Aim of the exercise: Exact transcript, pictures excluded: write out every record below.

Task input:
↓↓↓

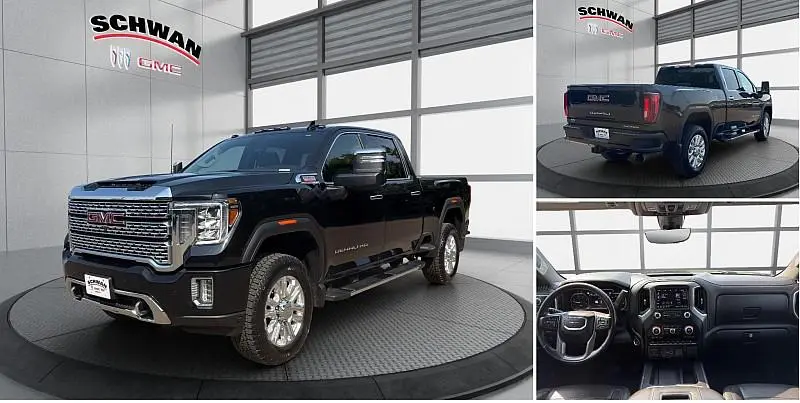 2022 GMC Sierra 3500HD Denali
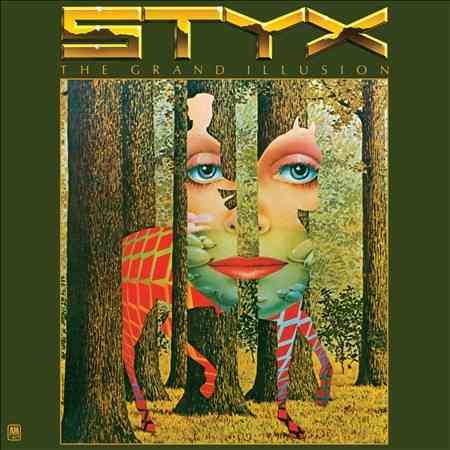 Styx - GRAND ILLUSION (LP) [Vinyl] (ONLINE ORDER ONLY)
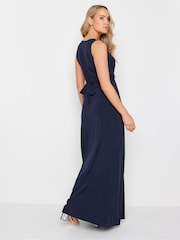 Long Tall Sally Blue Knot Front Maxi Dress - Image 3 of 5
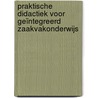Praktische didactiek voor geïntegreerd zaakvakonderwijs door Suzanne van Norden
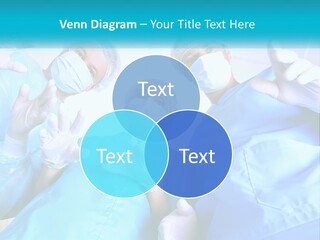 A Group Of Doctors PowerPoint Template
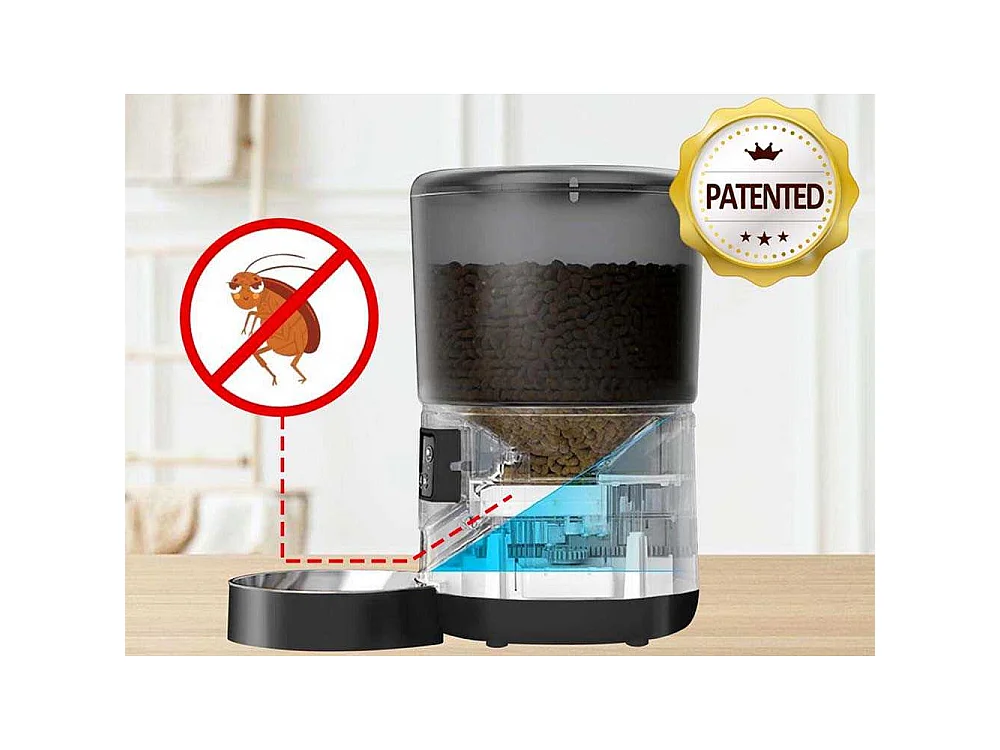 Distributeur de croquettes automatique 4L Foodies Smart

↑↑↑

Answer space:
 2022 GMC Sierra 3500HD Denali
 Styx - GRAND ILLUSION (LP) [Vinyl] (ONLINE ORDER ONLY)
 Long Tall Sally Blue Knot Front Maxi Dress - Image 3 of 5
Praktische didactiek voor geïntegreerd zaakvakonderwijs door Suzanne van Norden
 A Group Of Doctors PowerPoint Template
 Distributeur de croquettes automatique 4L Foodies Smart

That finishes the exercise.